Cette usurpation graduelle de pouvoir politique non seulement attire les gens comme Donald Trump, mais leur permet aussi de faire beaucoup plus de torts à la nation. En ce sens, les États-Unis sont devenus un pays de moins en moins démocratique.
Les initiales présidentielles:
TR = Theodore Roosevelt
FDR = Franklin D. Roosevelt
HST = Harry S. Truman
JFK = John F. Kennedy
LBJ = Lyndon B. Johnson
POTUS = President of the United States
Le vrai rôle du Président
En vertu de la constitution, le rôle du président est de s’assurer de la protection du pays lorsqu’il est attaqué et, surtout, de vérifier que les lois du Congrès ne violent pas la constitution. C’est au Congrès de décider de déclarer ou non une guerre, pas au président, qui ne peut que proposer au Congres d’impliquer l’armée dans un conflit.
Selon la constitution, le rôle du président n’est pas de plaire à la population et de réaliser ses ambitions, mais plutôt simplement de s’assurer que le Congrès respecte la constitution. C’est donc bien peu chose, du moins à comparé à ce que la population croit pouvoir s’attendre de son president. Quand on sonde le grand public sur ce qu’ils attendent de la présidence, on réalise que la plupart des choses ne sont aucunement mentionnées dans la constitution et nécessiteraient des pouvoirs dont le président ne dispose pas (en théorie).

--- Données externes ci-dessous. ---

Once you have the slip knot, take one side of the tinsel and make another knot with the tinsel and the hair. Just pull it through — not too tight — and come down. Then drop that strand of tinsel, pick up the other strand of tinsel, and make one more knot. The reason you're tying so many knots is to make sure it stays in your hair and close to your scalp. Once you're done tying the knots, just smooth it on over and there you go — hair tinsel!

Selon les Pères Fondateurs et particulièrement Madison, la séparation des pouvoirs agit de manière quasi automatique puisque chaque branche tente, en théorie, de préserver l’ampleur de ses pouvoirs et de ne pas en perdre aux autres branches, ce qui assure qu’aucune des trois branches ne puisse gagner trop de pouvoir. Mais cet équilibre naturel s’est grandement affaibli au profit du président au cours du 20e siècle.
Hamilton souhaitait que le président soit choisi par le Collège Électoral, par des gens aptes à déterminer le candidat le plus adéquat. Il ne voulait pas que la nomination devienne un concours de popularité au cours duquel les candidats parcoureraient le pays pour mener une surenchère de promesses irréalisables.

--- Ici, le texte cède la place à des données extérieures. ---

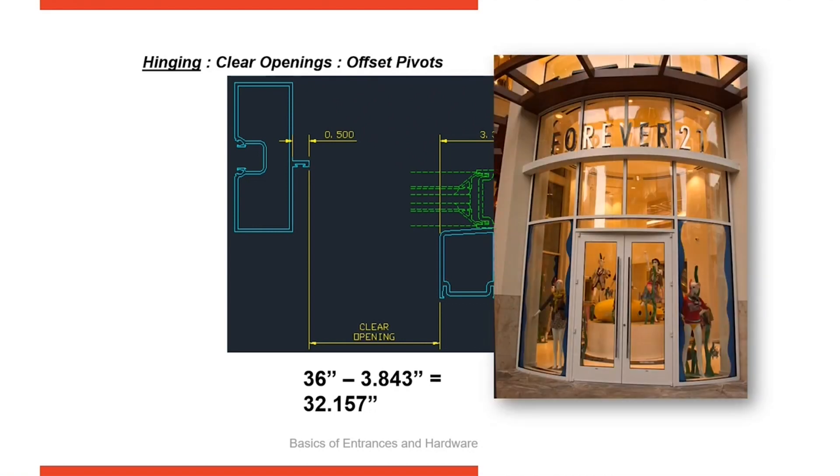This illustration shows offset pivots at top and bottom. You can see two intermediates because this is a fairly tall door.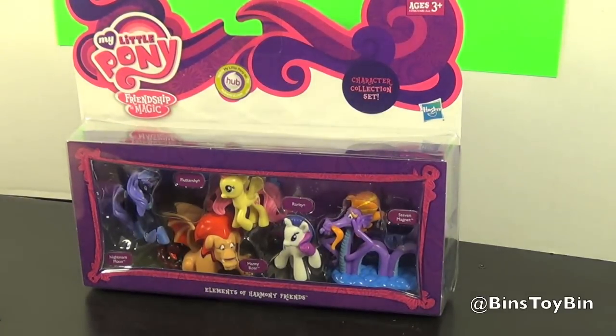We've been looking for this for a while. We found the Cake Family set a while ago and we reviewed that on our channel already. But this set, the Elements of Harmony Friends, is based on the very first episode of the show.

Au 19e siècle, du moins avant 1872, les candidats présidentiels ne faisaient pas de campagne électorale. Le poste leur été simplement proposé par le Collège Électoral. On ne cherchait pas des personalités extraordinaires; on cherchait des hommes humbles pour un poste aux pouvoirs modestes.

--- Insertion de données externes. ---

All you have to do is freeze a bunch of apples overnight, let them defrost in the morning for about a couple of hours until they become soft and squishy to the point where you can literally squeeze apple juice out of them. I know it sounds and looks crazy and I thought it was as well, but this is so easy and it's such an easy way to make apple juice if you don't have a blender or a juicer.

En 1888, le candidat Benjamin Harrison a fait 94 discours pour supporter sa nomination, mais n’a jamais quitté sa ville d’Indianapolis durant cette période. En 1916, Woodrow Wilson est devenu le premier président à arpenter le pays pour soutenir sa propre réélection. Il fut aussi le premier à faire un discours State of the Union en personne devant le Congrès plutôt que de simplement rédiger une lettre.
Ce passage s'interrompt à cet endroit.